A Danish family visits a Dutch family they met on a holiday. What was supposed to be an idyllic weekend slowly starts unraveling as the Danes try to stay polite in the face of unpleasantness.
This past weekend, I attended the totally-virtual Sundance Film Festival 2022. The first film on my radar was part of their Midnight program where they collect films that “defy categorization”. First up on the list was Christian Tafdrup’s “Speak No Evil,” a dark comedic satire about the pitfalls (and dire consequences) of social politeness. While on a holiday, Danish couple Bjørn and Louise meet and have a great time with Dutch couple Patrick and Karin. Bjørn sees something in Patrick and Karin he doesn’t see in his own relationship with Louise. They are different from the other married friends they hang out with – they’re fun(ny), slightly more free-spirited and there’s a friendly warmness (specifically in Patrick’s eyes) that is welcoming to Bjørn.

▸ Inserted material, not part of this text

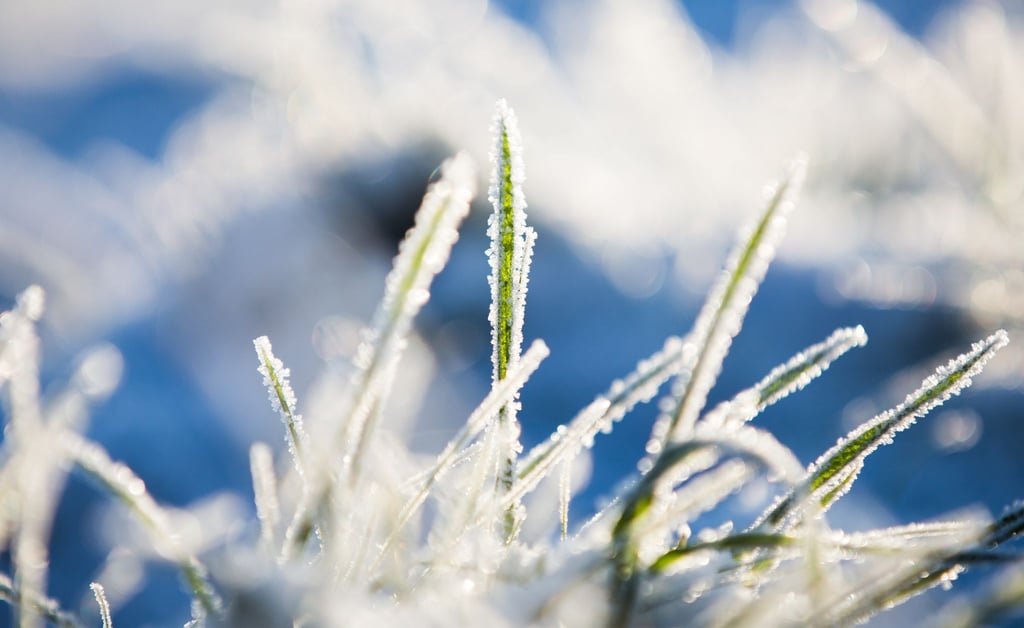 Schnee ist ein Spielverderber, zumindest, wenn er sich auf dem Rasen ablegt. Denn dann kann das Betreten die Halme zerstören.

A few months later, Bjørn, Louise and their young daughter Agnes receive an invite from the Dutch couple to spend with a few days with them in their woodsy home. Louise at first declines the offer to Bjørn as they barely know these people enough to spend a few days with them. This is a key moment where Bjørn puts his foot down and decides to go for something new – a new friend. The Danish family travels to the Dutch’s family home where Patrick, Louise and their orally-impaired son Abel welcome them. The vacation starts well enough with some humorous, uncomfortable quirks: Agnes has to sleep on a flat futon next to Abel instead of on a comfortable bed; Patrick has very harsh parenting methods when dealing with his son Abel that makes the Danish couple a little unsettled; when going out for drinks, Patrick and Karin leave a strange man (who barely speaks any English) to look after Abel and Agnes; while out drinking, the two couples dance to a slow song, with Bjørn and Louise having mild fun and Patrick and Karin making out ruthlessly on the dance floor. Bjørn and Louise’s politeness almost hit a head as their hosts and their quirks become weirder and weirder, going past cringe comedy to truly uncomfortable social horror.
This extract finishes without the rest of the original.